Laissons de pareils gens en paix ! mais s’il se trouvoit un homme inspiré par Apollon lui-même, & par la gloire, enrichi de toutes sortes de talens, & de tout ce qu’il faut pour plaire ; né pour écrire avec agrément, & pour faire trouver des charmes dans son commerce ; porteroit-il l’ambition jusqu’à ne pouvoir souffrir, à l’exemple des Ottomans, un frere près du trône ? Le regarderoit-il avec mépris, ou même avec frayeur ? Le hairoit-il, parce qu’il appercevroit en lui les mêmes qualités qui ont servi à sa propre élévation ? Le blameroit-il, en feignant de le louer ? Lui applaudiroit-il en le regardant de mauvais-œil ? & apprendroit-il aux autres à rire, sans sourire lui-même ? Souhaiteroit-il de blesser, tandis qu’il craindroit de porter le coup ? Habile à démêler les fautes, seroit-il timide à les désapprouver ? Seroit-il également réservé à distribuer le blâme & la louange, ennemi craintif, & ami soupçonneux ? Redouteroit-il les sots, & seroit-il assiégé de flatteurs ? Obligeroit-il de mauvaise grace ? Et lorsque deux rivaux se disputent le prix, leur donneroit-il raison à tous deux, en préférant toutefois le moins digne ? Tel que Caton, ne seroit-il occupé qu’à donner la loi dans son petit sénat, & à relever son propre mérite ; tandis que ceux qui l’environnent, admirent tout ce qu’il dit, & s’épuisent en louanges extravagantes ? Ciel, quel malheur s’il se trouvoit un tel homme ! & qu’il seroit affligeant que ce fut A. n.

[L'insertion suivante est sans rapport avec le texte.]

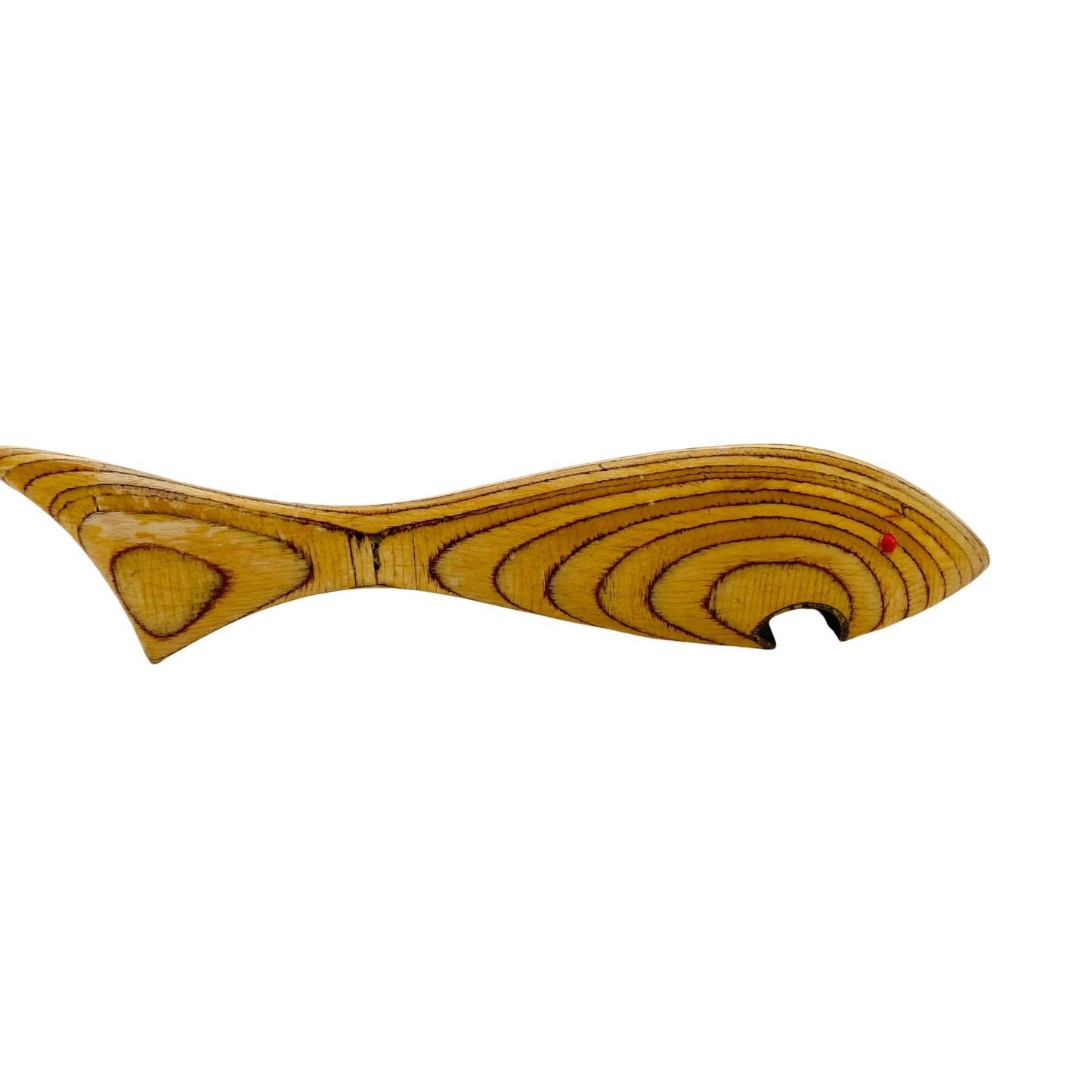 Vintage Flaschenöffner FISCH  Holz Kronkorkenöffner  MID CENTURY 22cm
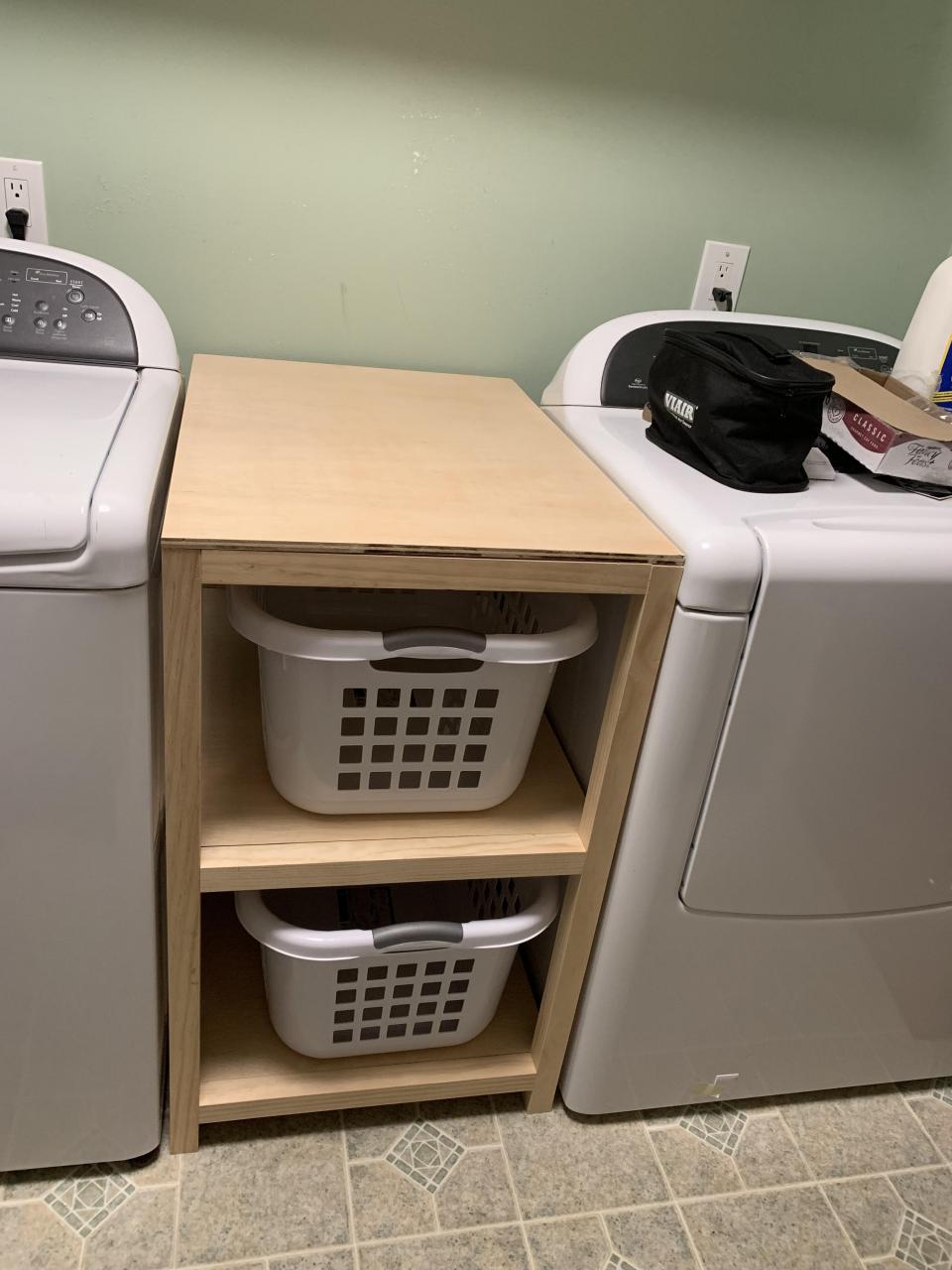 Build custom shelves for our laundry room r/somethingimade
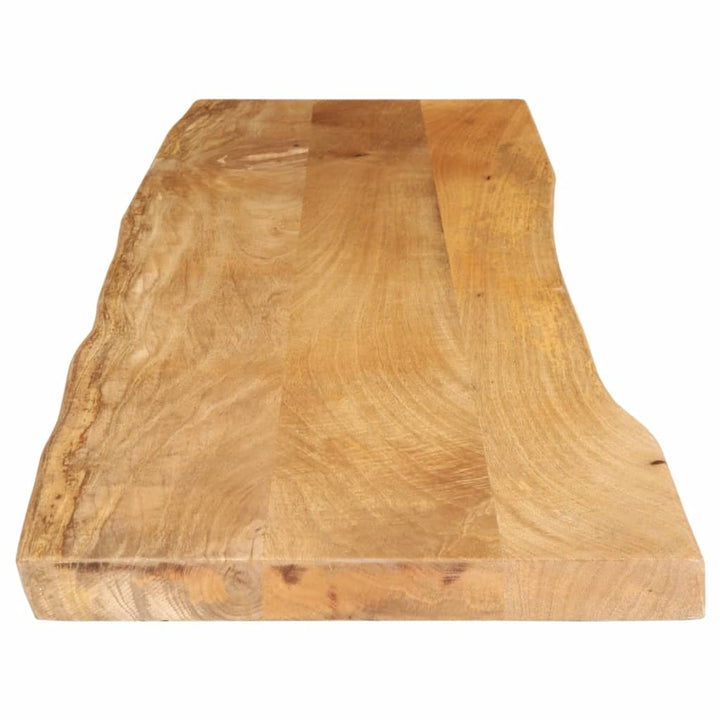 bordplade 180x40x3,8 cm naturlig kant massivt mangotræ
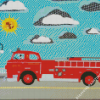 Fire Truck Diamond Paintings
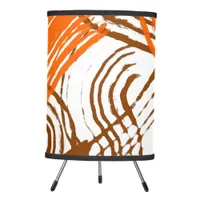 Boho Brown, Orange Abstract Design Tripod Lamp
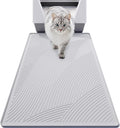 Cat Litter Box Mat - L Large Size 34 x 22 in, Water Proof, Kitty Litter Trapping Mat, Easy to Clean, Scatter Control, Odorless, Pet Supplies for Indoor Cats, Light Gray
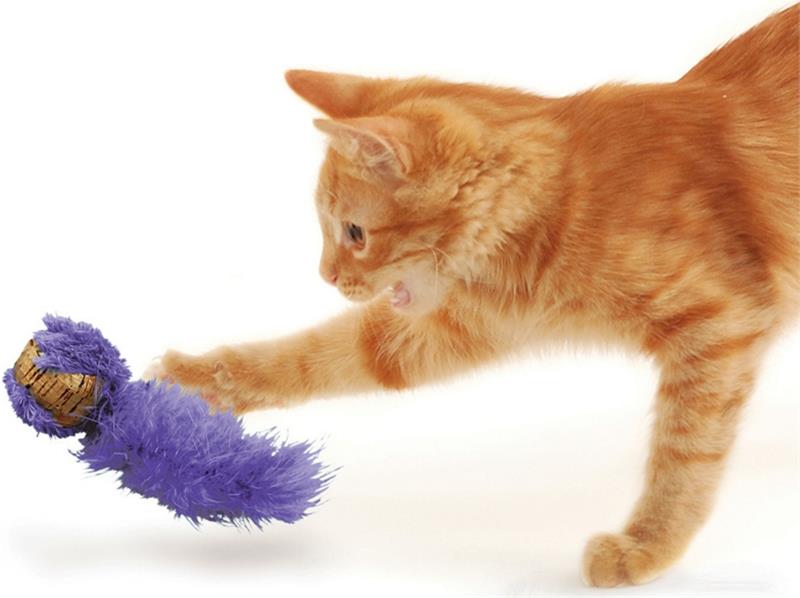 Hračka cat KONG Cat Active Cork Ball mix3 Hračka cat KONG Cat Active Cork Ball mix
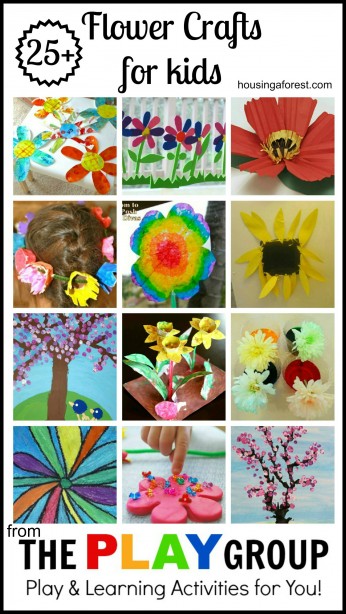 25+ Flower Crafts for kids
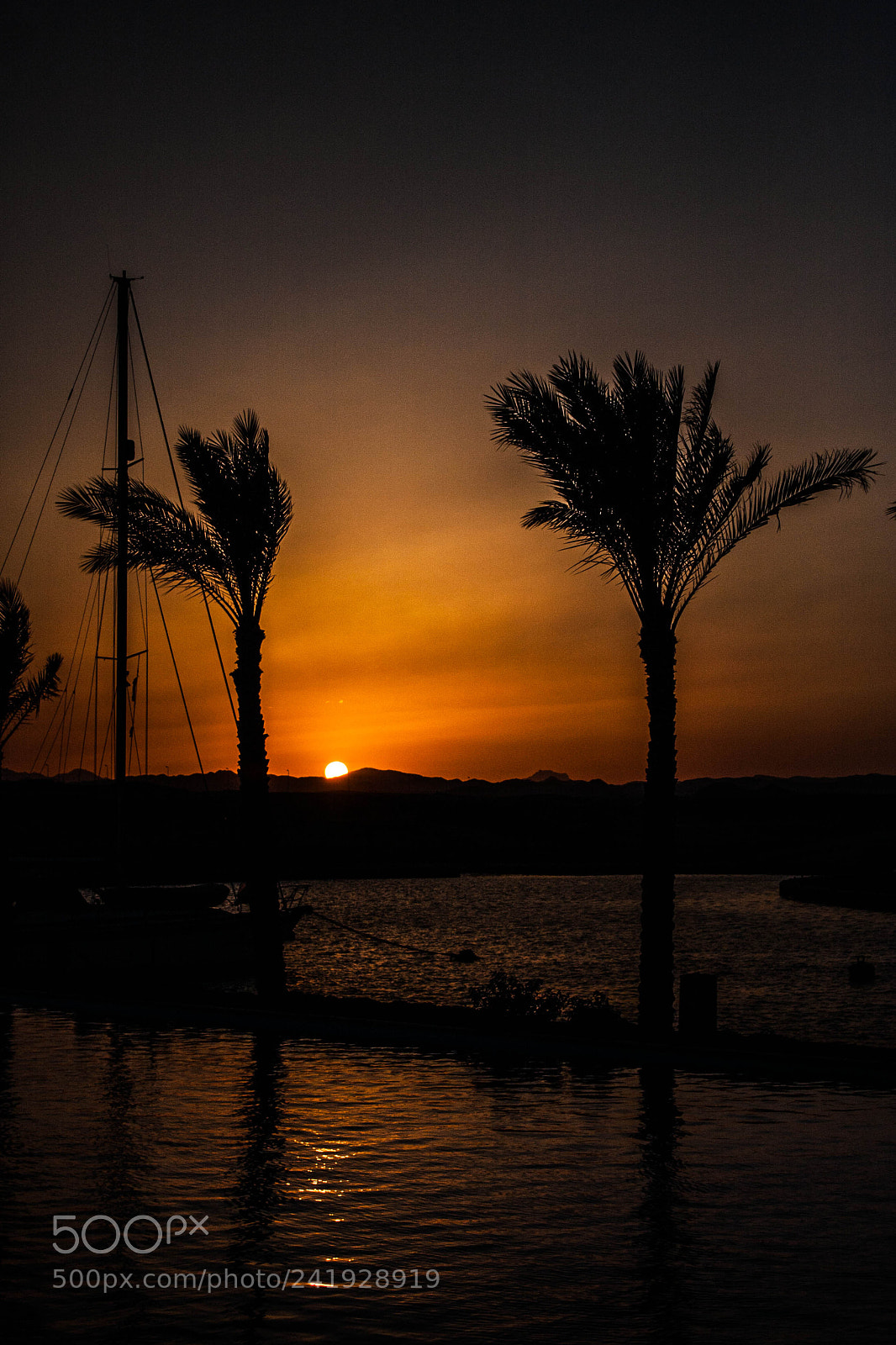 Canon EOS 40D sample photo. Sunset at marsa allam photography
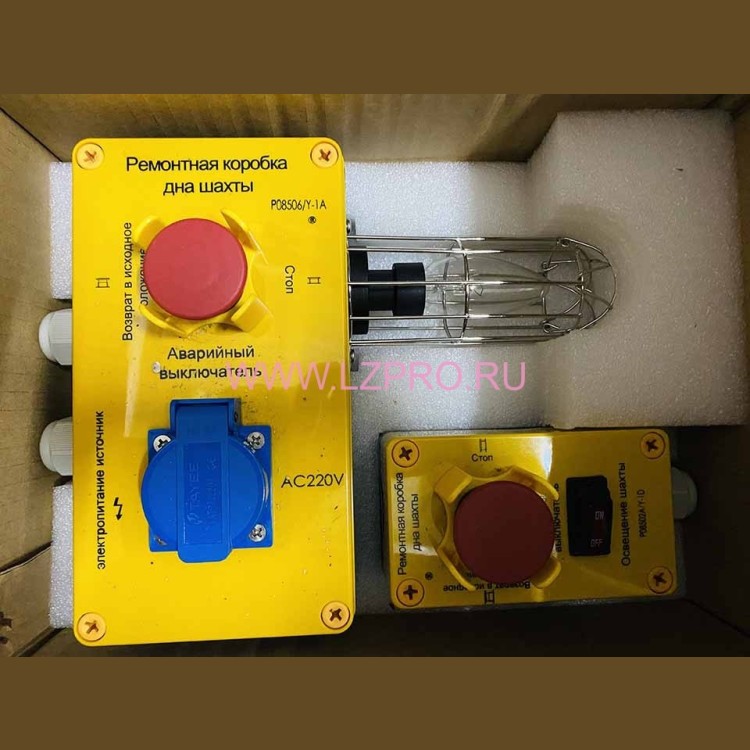 Комплект блоков приямка с выключателем освещения, кнопкой стоп, розеткой 220В XAA23750N2 XAA23750N4 Otis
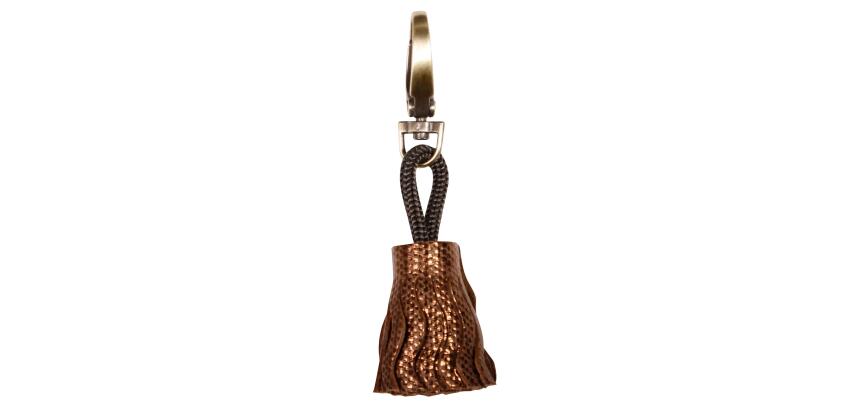 KLEO-PATHRA CUIR Porte-clés 2,5x4 cm Bronze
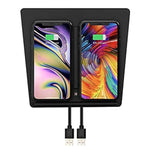 Wireless Charger For Tesla Model 3 2017 2018 2019 2020, Dual Phone Charging Pad For Tesla Model 3 Accessories, Car Center Console Interior, Compatible With Iphone & Smartphones, Black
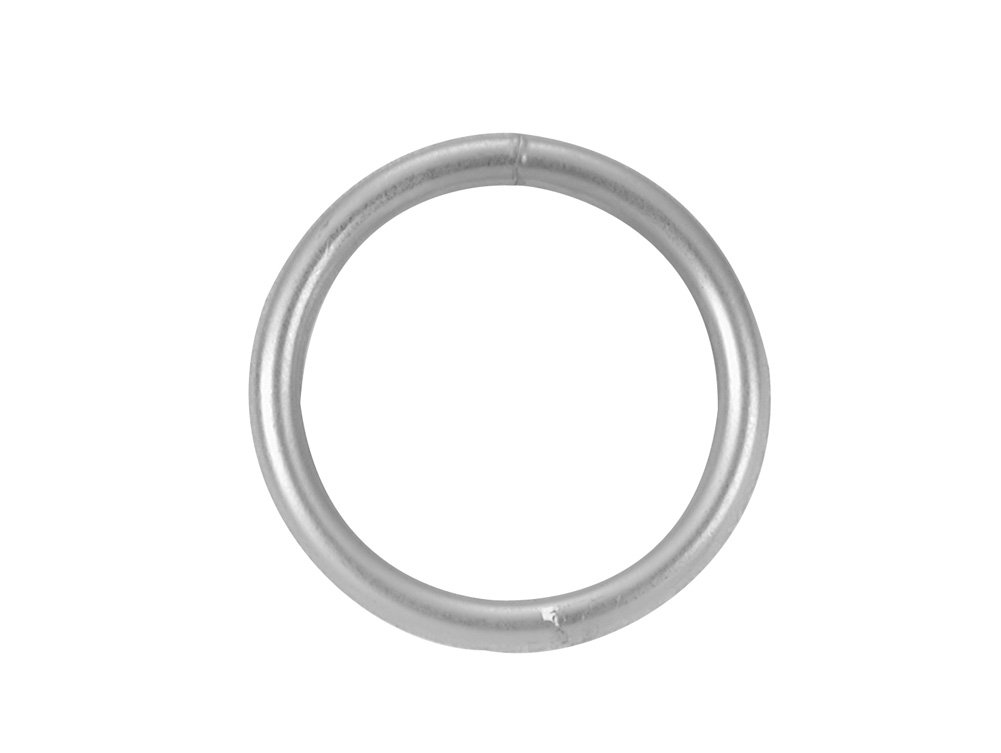 Campbell 6052814 Carbon Steel Closed Welded Ring, Bright Finish, 1/2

On a accusé fortement, à l’occasion de ces vers, Pope d’ingratitude vis-à-vis de M. Addisson ; cependant l’auteur de la Dunciade, a défendu M. Pope de cette grave accusation, en attestant toutes les personnes de probité, qui, dit-il, plusieurs années avant la mort de M. Addisson, ont vû & approuvé les vers dont il s’agit ici, non à titre de satyre, mais de reproche d’ami, envoyés de la main même du poëte à M. Addisson, & d’ailleurs ce sont des vers que l’auteur n’a jamais publiés. (Le chevalier de Jaucourt.)